## Brief
I need the lines below from the one with "Universal doppelseitig Kopfschutz" down to the one with "Stackable & Spill-Proof" reproduced exactly, both ends included, and nothing else.

(Records for the task begins)

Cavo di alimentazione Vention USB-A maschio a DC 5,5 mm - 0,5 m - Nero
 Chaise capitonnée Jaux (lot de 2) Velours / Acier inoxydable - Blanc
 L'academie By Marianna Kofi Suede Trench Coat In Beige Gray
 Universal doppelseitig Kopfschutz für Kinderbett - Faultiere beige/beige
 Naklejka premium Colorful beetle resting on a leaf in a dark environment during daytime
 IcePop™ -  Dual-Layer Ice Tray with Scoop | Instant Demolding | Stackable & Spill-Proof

(Records for the task ends)
(Records for the task begins)

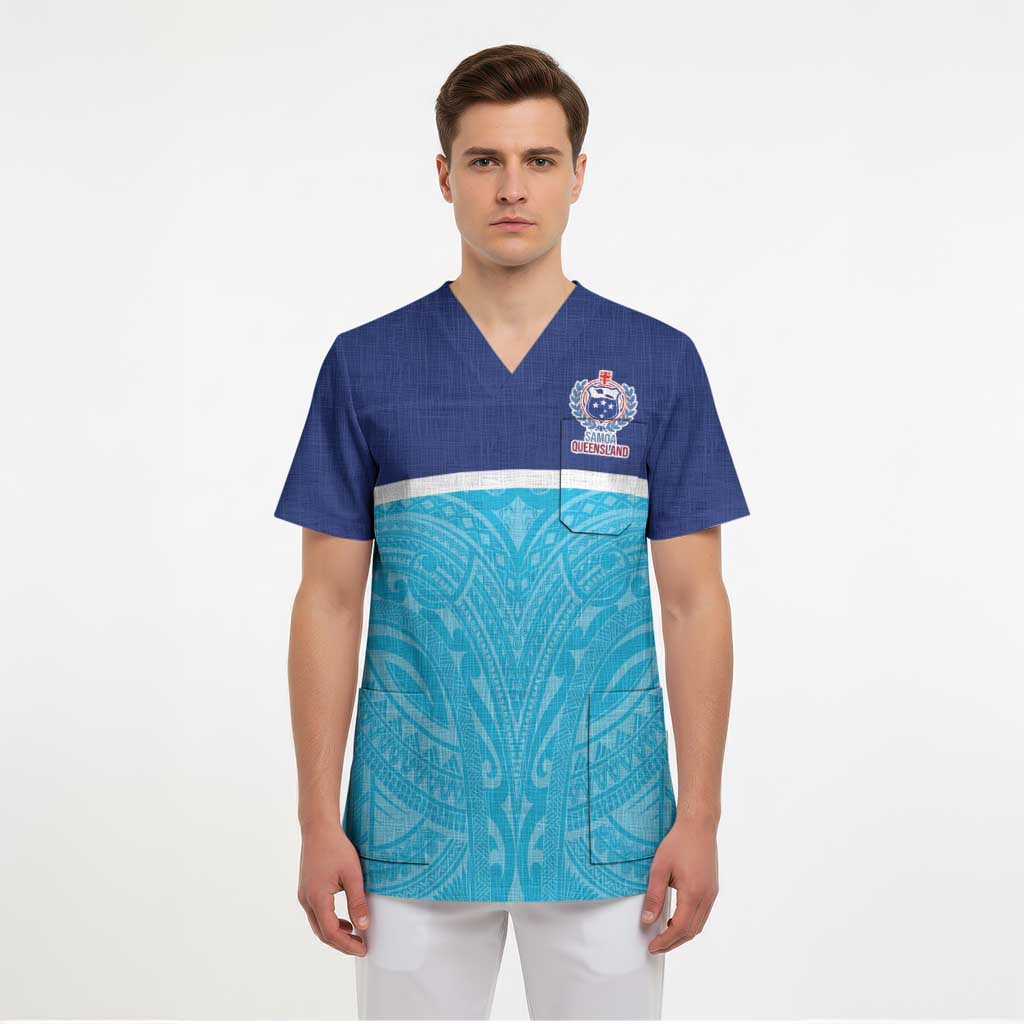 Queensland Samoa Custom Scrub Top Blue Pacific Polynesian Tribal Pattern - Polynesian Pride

(Records for the task ends)

## Written solution
 Universal doppelseitig Kopfschutz für Kinderbett - Faultiere beige/beige
 Naklejka premium Colorful beetle resting on a leaf in a dark environment during daytime
 IcePop™ -  Dual-Layer Ice Tray with Scoop | Instant Demolding | Stackable & Spill-Proof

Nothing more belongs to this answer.